Wednesday, September 11, 2013

The Colorado Plateau on a rainy, cloudy day

The last day of a motorcycle trip has a different type of feel. We've been wearing the same clothes for several days, I've gotten used to minimalist living (which of my 2 shirts will I wear today?), I search out any fruit or vegetable that I can possibly find (fresh watermelon for breakfast at one hotel, oranges and apples in big bowls all day at another made me really happy), we've fallen into the rhythm of life on the bike (get up, eat breakfast, pack, ride through gorgeous countryside all day, stop every 2-3 hours for gas, food, water or just to stretch our legs; arrive at another hotel, unpack, go for a run, shower, eat dinner, sleep), and we're finally anxious to get back home.

We started the day in Blanding, Utah where the rain poured down all night long, and thankfully started to let up just as we headed out. Even with the rain, fog, and clouds that hovered below the tops of the craggy canyon peaks, this area of southeastern Utah is spectacular.

I kept imagining what this part of the country must have been like millions of years ago when volcanoes, inland seas, movement of the tectonic plates, and wind and river erosion began forming this high, dry desert canyonland known as the Colorado Plateau. The limestone and sandstone rocks and cliffs  have descriptive names such as arches, natural bridges, pinnacles, and monoliths.
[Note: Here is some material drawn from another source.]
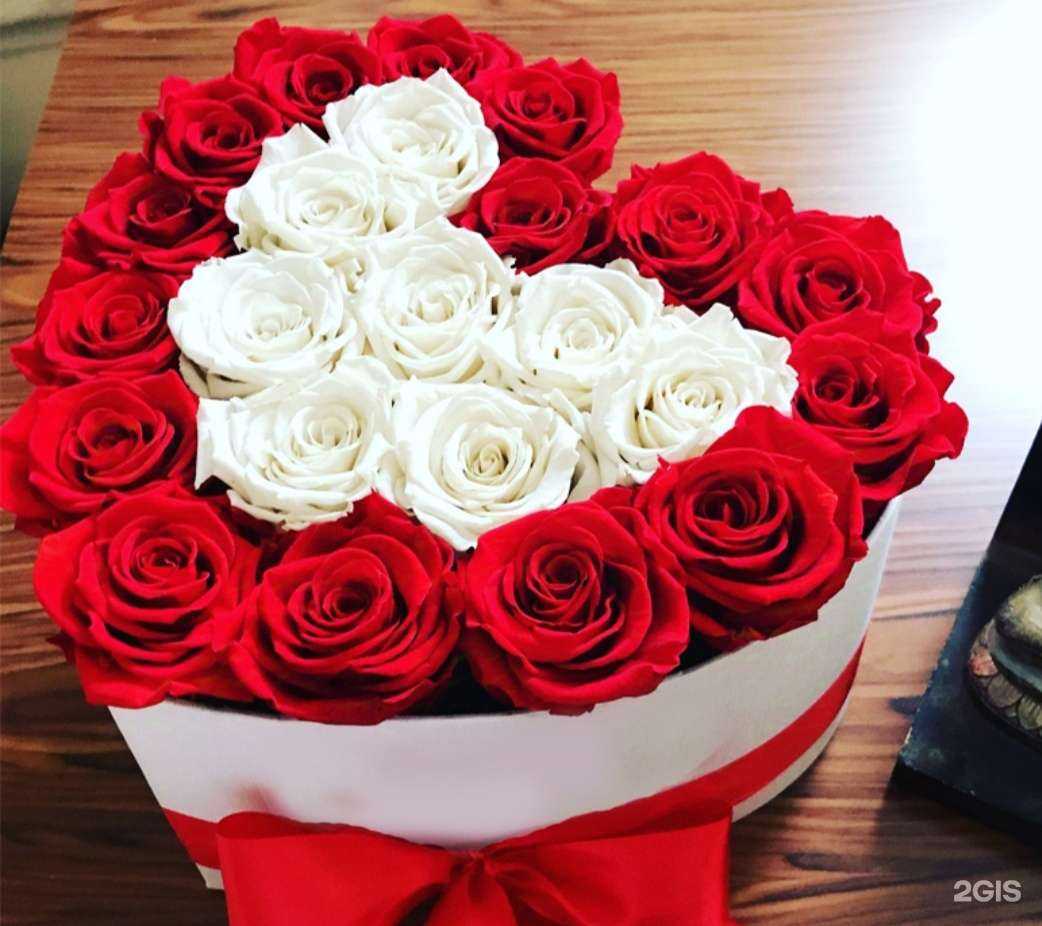 Отзывы на компанию Золотая Лилия в Сочи c фото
Most of this area lies within the 27,000 square miles of the Navajo Nation, home to 173,000 people. That works out to about 6.5 people per square mile, which means the majority of the time we saw only the desert, rock formations, canyons and the sky. There's so little traffic we could stop on the narrow road shoulder to take pictures, or slow down to watch a solitary mule on a hill.

Our route took us south through Utah into Arizona toward Flagstaff, where we turned west on US 40 which mostly follows the route of the old Route 66. We can see the San Francisco Peaks from our home in Prescott, and today as they came into view we knew our trip was almost finished.

Minutes after we pulled into our garage, a hard rain started once again. Later that evening as the sun started to set we looked out the living room window to the San Francisco Peaks, now to our north.

1 comment:

  1. Isn't it great that no matter how much you enjoy a trip it is always nice to come home.

    I am glad the rain let up while you were riding home. How long before the next adventure?